Decades back, before divorce got to be so everyday, afternoon television featured a program called "Divorce Court." It could have been called "Rocky, the gloves are off," as one combatant spouse attempted to TKO a pugnacious, pugilistic ex-partner.
However, as a student, I never saw the production; I was aware of it, and I can now imagine how one episode's sparring might have gone.
Attorney: Mr. Doe, please tell the court, in your own words, about the relationship you had with your cousin.
Mr. Doe: Well, ah, it was amicable. We've always had a friendly relationship.
Mr. Doe: I, ah, well, I don't recall it being anything at all like that. I'm sorry, I just don't recall.
Attorney: (Rifling the pages of Mrs. Doe's deposition, taken before entering the courtroom) Mr. Doe, I find that incredible. According to your wife's sworn deposition, that I'm holding in my hands, on the evening of the 5th, only three weeks ago, you admitted to her that you were having an affair. And yet you now claim you have no recollection of the affair. Do you remember the argument you had in your own kitchen, when your wife took the Faberge' egg that Prince Aba Dabba Doo had presented to you and crushed it under her foot?
Mr. Doe: Well, I, ah, remember something about an egg. But more than that . . . I'm sorry, I just don't recall the specifics; you know: what kind of egg it was, or anything like that.
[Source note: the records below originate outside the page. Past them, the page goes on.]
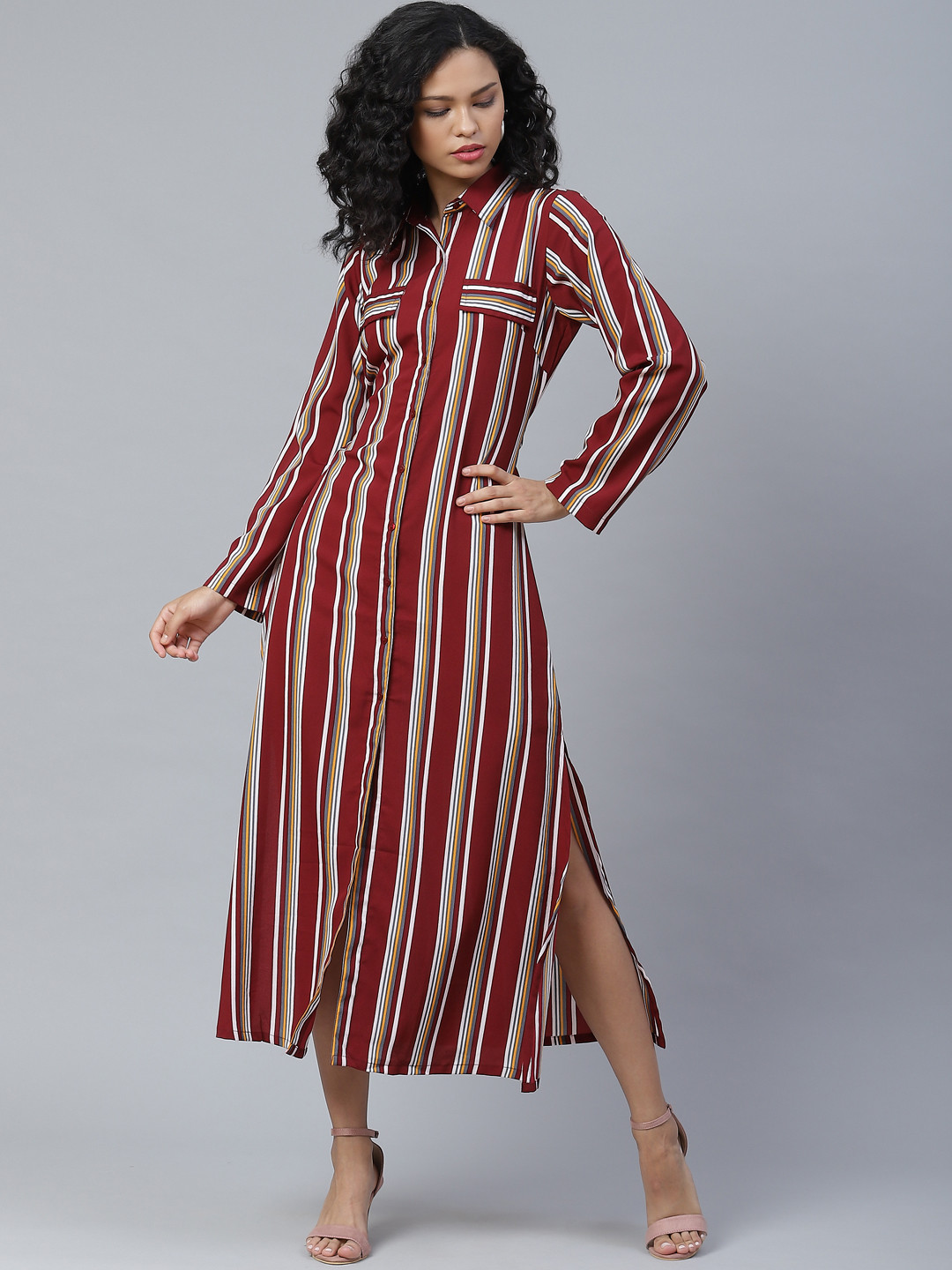 plusS Classy Maroon and Off-White Striped Shirt Dress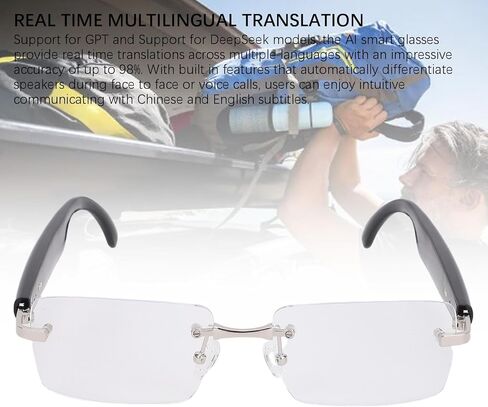 SUNGOOYUE AI Smart Glasses,5.4 Real Time Translation GPT & DeepSeek Support 98% Accuracy Multilingual AI Assistant with Noise Reduction for Business Travel Learning (Silver) in Saudi Arabia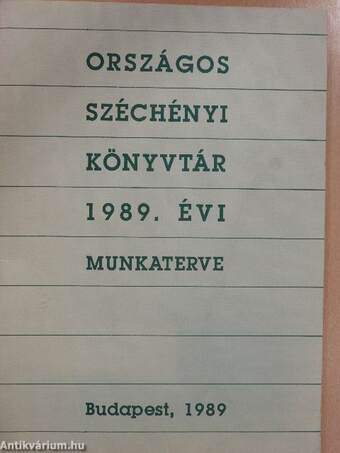 Az Országos Széchényi Könyvtár 1989. évi munkaterve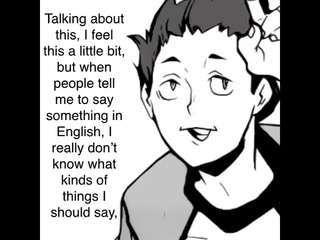Tendou teaches kageyama and hinata how to speak English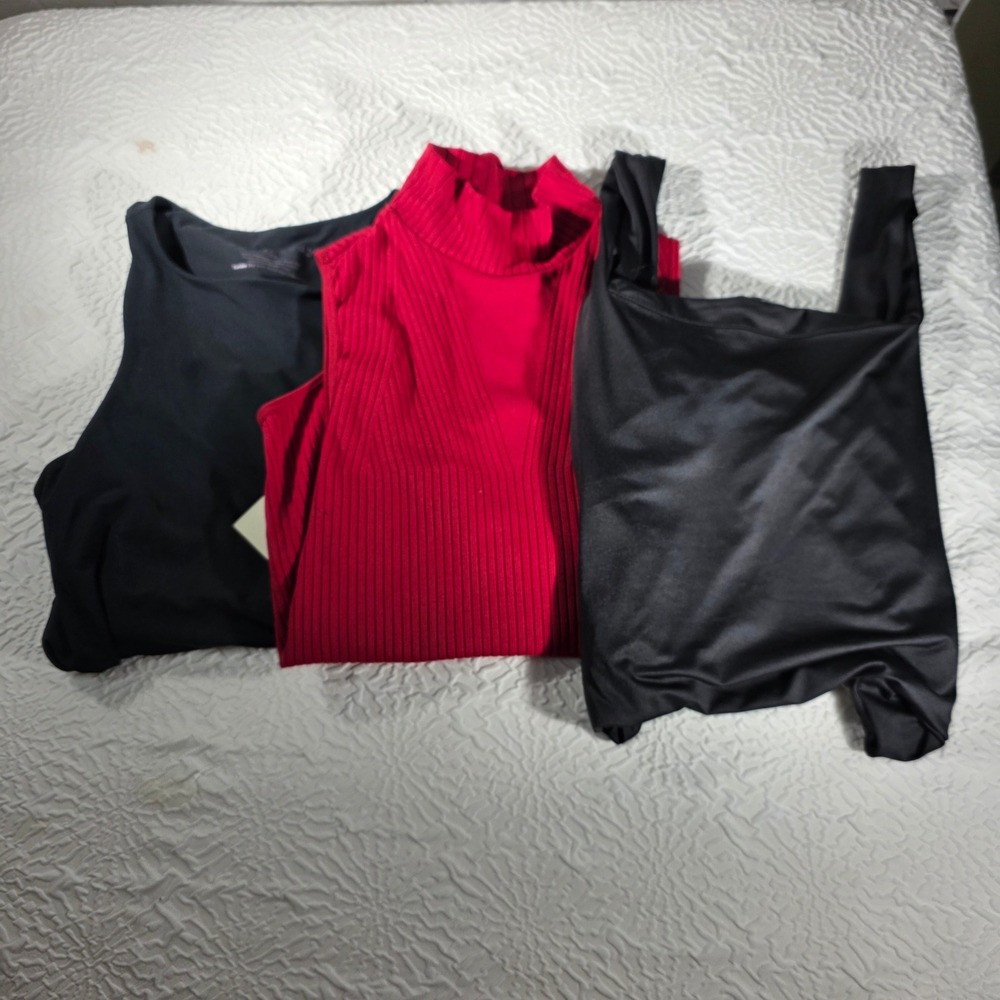 Eye Candy Bodysuit Bundle 3pc Womens 1X 2X Red Mock Neck Black Scoop Neck NWT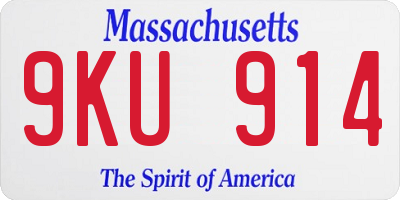MA license plate 9KU914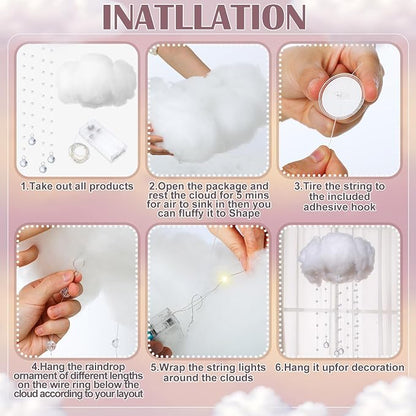 Marsui Artificial Cloud Props LED Hanging Cloud Light String Fake Imitation 3D - Image 3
Attorney: Mr. Doe . . . Really. A $1,250,000 Faberge' egg . . . presented to you by the crown prince of Saudi Arabia, and you don't remember you wife stomping on it? That's difficult for any of us to believe. Do you recall the argument in the kitchen, what it was about?
Mr. Doe: I, ah, do remember she was upset about something. I remember we talked about a lot of things. We're married. Married people talk about a lot of stuff, and I can't remember the topic or details of every conversation we've had over the years. I just don't recall much about that particular evening, is all. Maybe it was about the cat's litter box. I'm always forgetting to clean it. But if it was anything more than that . . . I'm sorry.
According to the released FBI transcript, the vice president remembered nothing about any conversations he had with Mr. Libby, concerning the Plame affair - who released what to whom, or when, no matter that the right hand man of the vice president -- convicted of perjury, obstruction of justice and of lying to the FBI -- had testified about having such conversations with the vice president!
Recalling former Attorney General Alberto Gonzales' testimony before congress, and now reading the vice president's FBI interview transcript, wherein he testified 72 TIMES that he had "no recollection," about the only two possible, reasonable, conclusions any objective person can reach is that the administration was staffed by folks suffering an extraordinary serious psychological malady of severe -- even disabling -- amnesia, or that they were a bunch of liars.